On the limit points of $(a_n\xi)_{n=1}^{\infty}$ mod $1$ for slowly increasing integer sequences $(a_n)_{n=1}^{\infty}$

In this paper, we are interested in sequences of positive integers $(a_n)_{n=1}^{\infty}$ such that the sequence of fractional parts $\{a_n\xi\}_{n=1}^{\infty}$ has only finitely many limit points for at least one real irrational number $\xi.$ We prove that, for any sequence of positive numbers $(g_n)_{n=1}^{\infty}$ satisfying $g_n \geq 1$ and $\lim_{n\to \infty} g_n=\infty$ and any real quadratic algebraic number $\alpha,$ there is an increasing sequence of positive integers $(a_n)_{n=1}^{\infty}$ such that $a_n \leq n g_n$ for every $n \in \mathbb{N}$ and $\lim_{n\to \infty}\{a_n \alpha\} = 0.$ The above bound on $a_n$ is best possible in the sense that the condition $\lim_{n\to \infty} g_n=\infty$ cannot be replaced by a weaker condition.

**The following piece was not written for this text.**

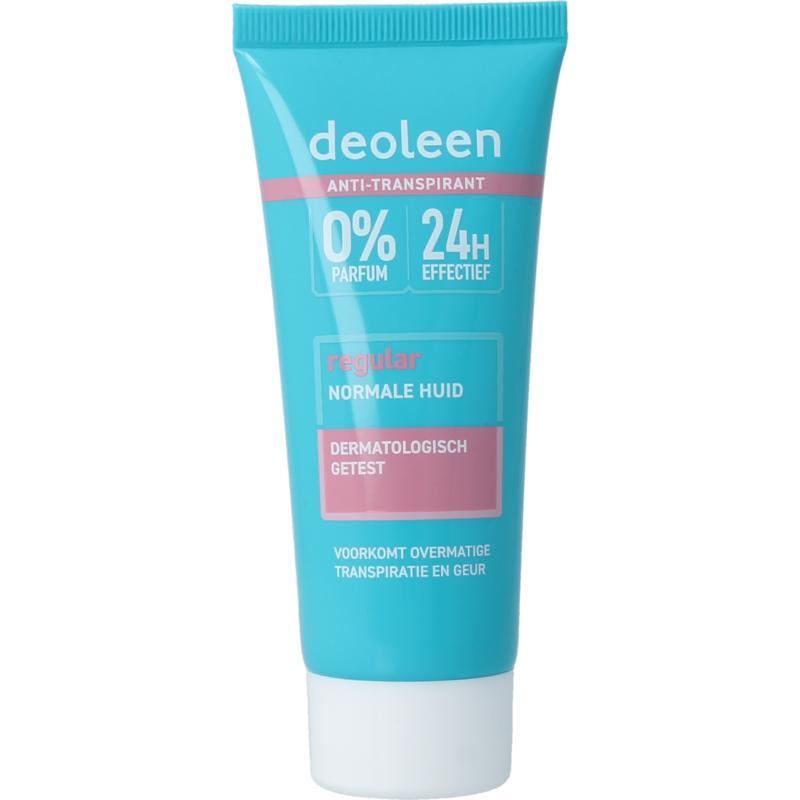 Deodorant creme regular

More precisely, we show that if $(a_n)_{n=1}^{\infty}$ is an increasing sequence of positive integers satisfying $\liminf_{n\to \infty} a_n/n<\infty$ and $\xi$ is a real irrational number, then the sequence of fractional parts $\{a_n \xi\}_{n=1}^{\infty}$ has infinitely many limit points.